An elder of Guyana’s Wai-Wai people, Mr Mawasha is more familiar with the sounds and rhythms of the rainforest with which its indigenous inhabitants have enjoyed a profound spiritual relationship for thousands of years.
Using the chat app during a trip to Georgetown is not the only foray into modern technology for members of the South American nation’s smallest tribe.
Amerindians have been scrupulous caretakers of the environment for millennia and, as the rest of the world evolves, so too have their practices for monitoring and protecting natural resources.
GPS in the jungle
Wai-Wais in the remote southern district of Kanashen have been trained in the use of cutting-edge software, smartphones and GPS to gather data and assess carbon stocks, thanks to a pioneering two-year project by the World Wildlife Fund (WWF).
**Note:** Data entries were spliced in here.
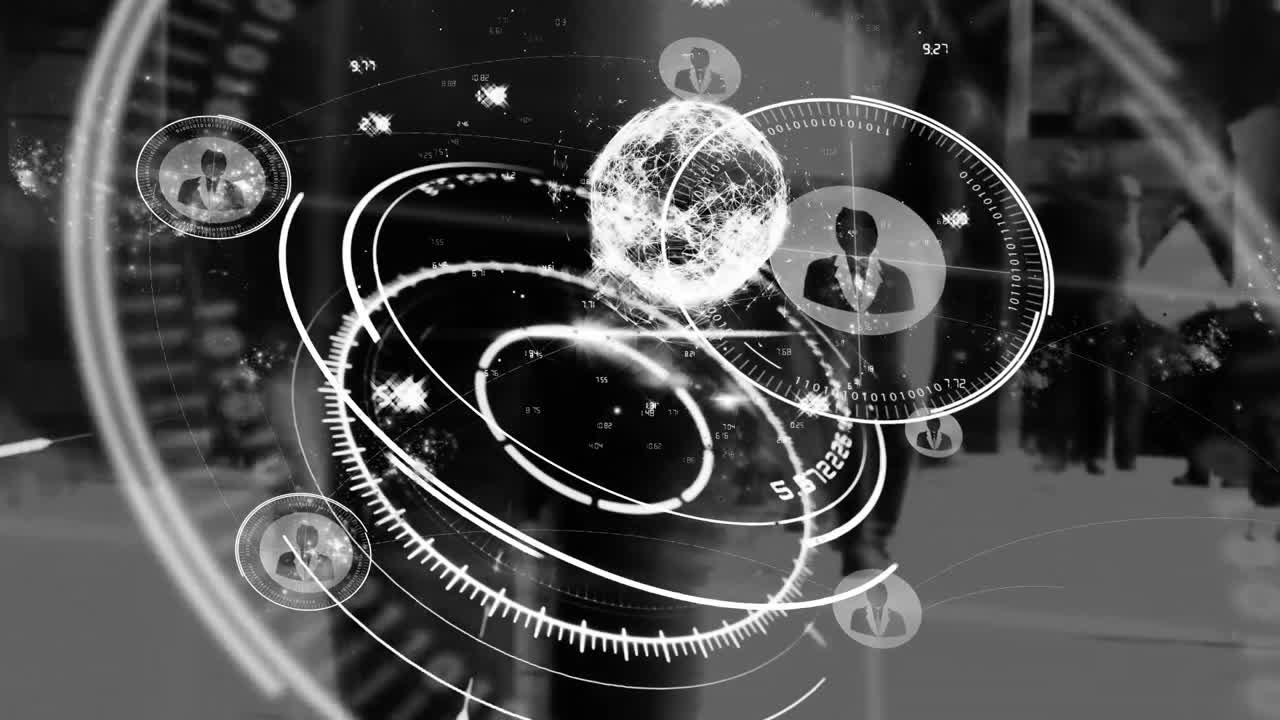 animación de iconos digitales de globo giratorio y peatones en la ciudad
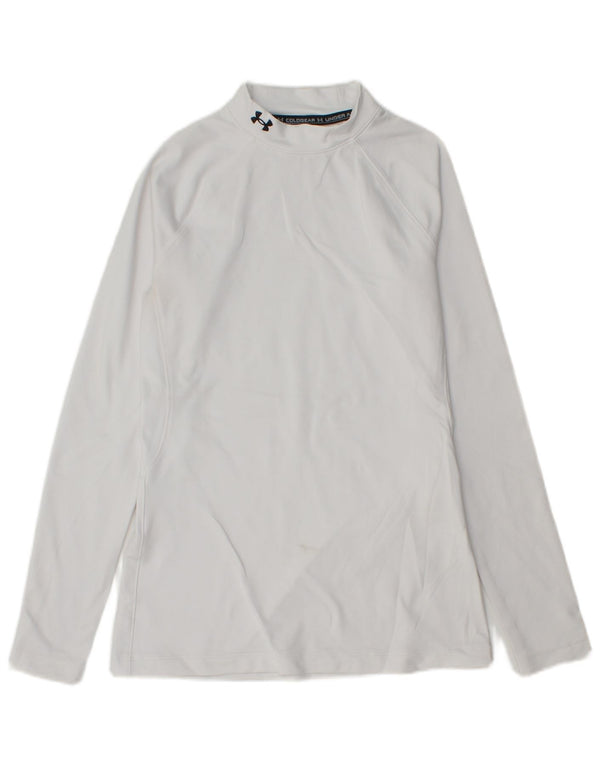 Maglia Under Armour da uomo Cold Gear a maniche lunghe in poliestere bianco medio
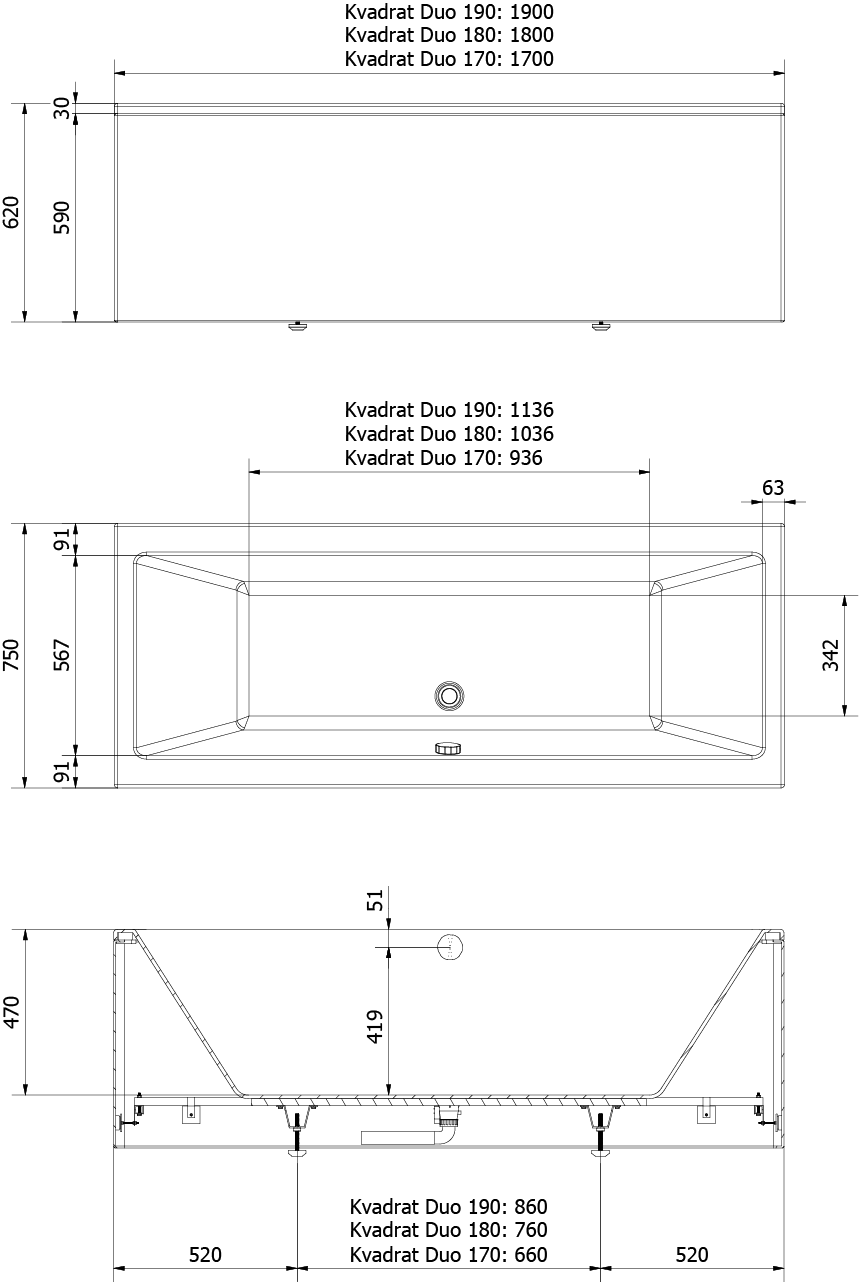 Badekarpakke m/panel KVADRAT DUO 180 - Bilde 4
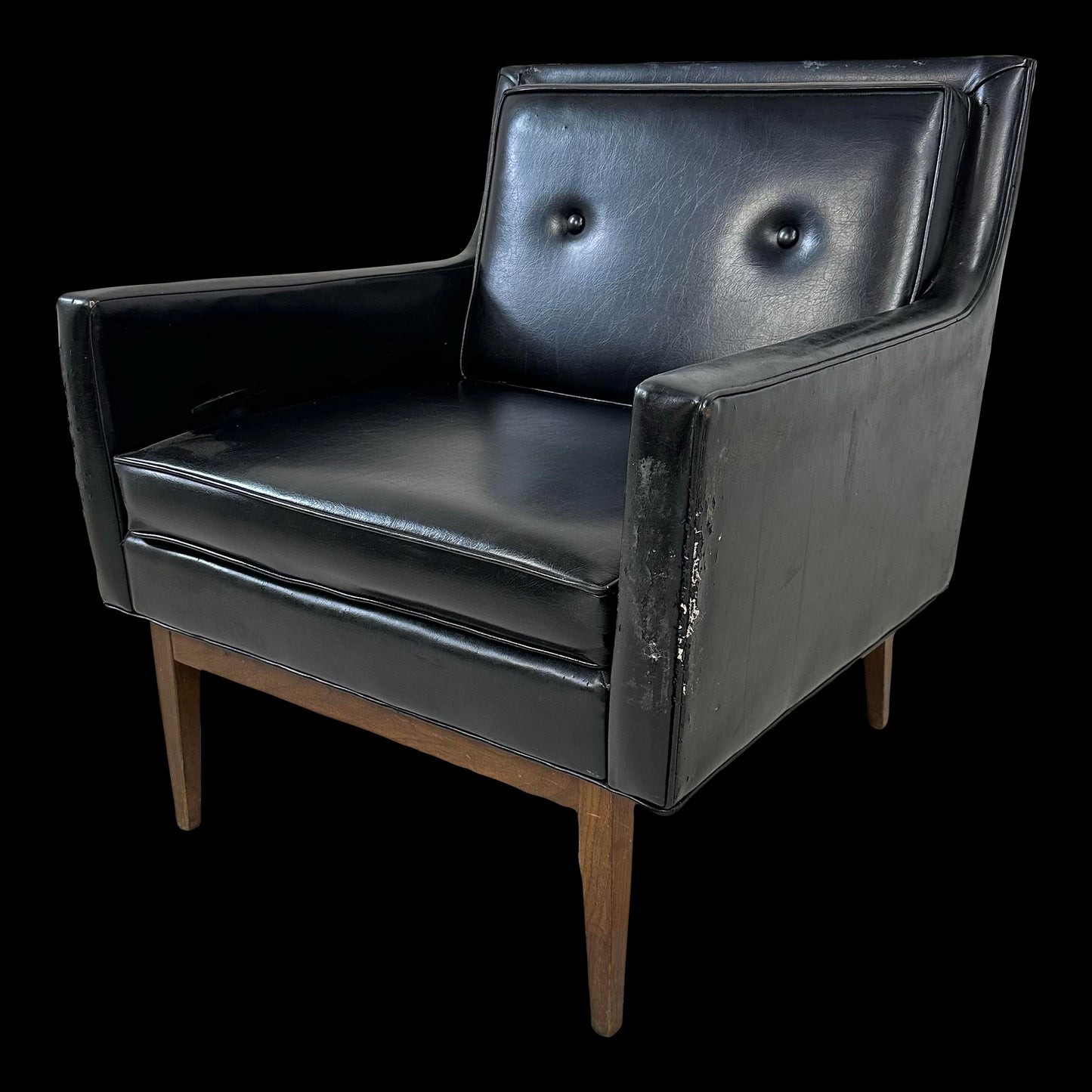 Mid Century Modern Black Vinyl Lounge Chair With Walnut Base Milo Baughman Style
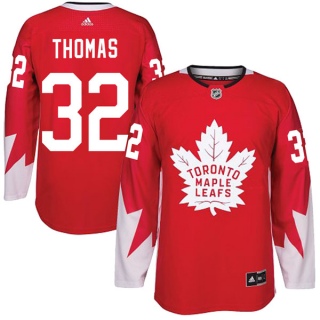 Men's Steve Thomas Toronto Maple Leafs Adidas Alternate Jersey - Authentic Red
Mobile phones are nothing new, even in this isolated area on the fringes of the Amazon Basin, a punishing six-day journey by tractor and boat from the nearest town.
But the way they are being used to navigate the forest and record eco data marks a significant departure from tradition.
“Our people used to manage the community just on our own. But since WWF came in and trained our young people, we manage it far better than before,” Mr Mawasha explains.
“We did not have instruments before like GPS; we used to cut lines so we didn’t get lost in the jungle,” he says, referring to the practice of hacking a trail through the trees with a machete.
“We are very happy with the training. We tell our young people we have to care for our environment to keep it for the next generations,” he adds.
Area of global importance
Spanning 2,400 sq miles (3,850 sq km), Kanashen is Guyana’s first community-owned conservation area, managed exclusively by the Wai-Wai since 2004.
It falls within the Guiana Shield, one of the oldest formations on the Earth’s surface and considered globally important due to its vast swathes of pristine rainforest, fresh water reserves and rich biodiversity.
Its dense forests absorb three times the carbon dioxide of their Peruvian counterparts, playing a crucial role in the fight against global warming, says WWF’s Chuck Hutchinson.
The project was developed as part of an agreement with Norway which gives Guyana money in exchange for keeping deforestation low.
Participants in the 10-week training course were chosen by community leaders to function as environmental monitors.
They learned how to use technology to measure and gather carbon stock samples, keep track of fish and food supplies, and also oversee a series of community wellbeing initiatives ranging from school attendance figures to a happiness index.
“The Wai-Wai went all over their titled land, gathering data so we can be really accurate in assessing how much carbon they have in their forests,” Mr Hutchinson tells the BBC.
“That involved choosing a specific area, measuring every tree and recording the species, and collecting leaf litter samples to be sent to the US for analysis.”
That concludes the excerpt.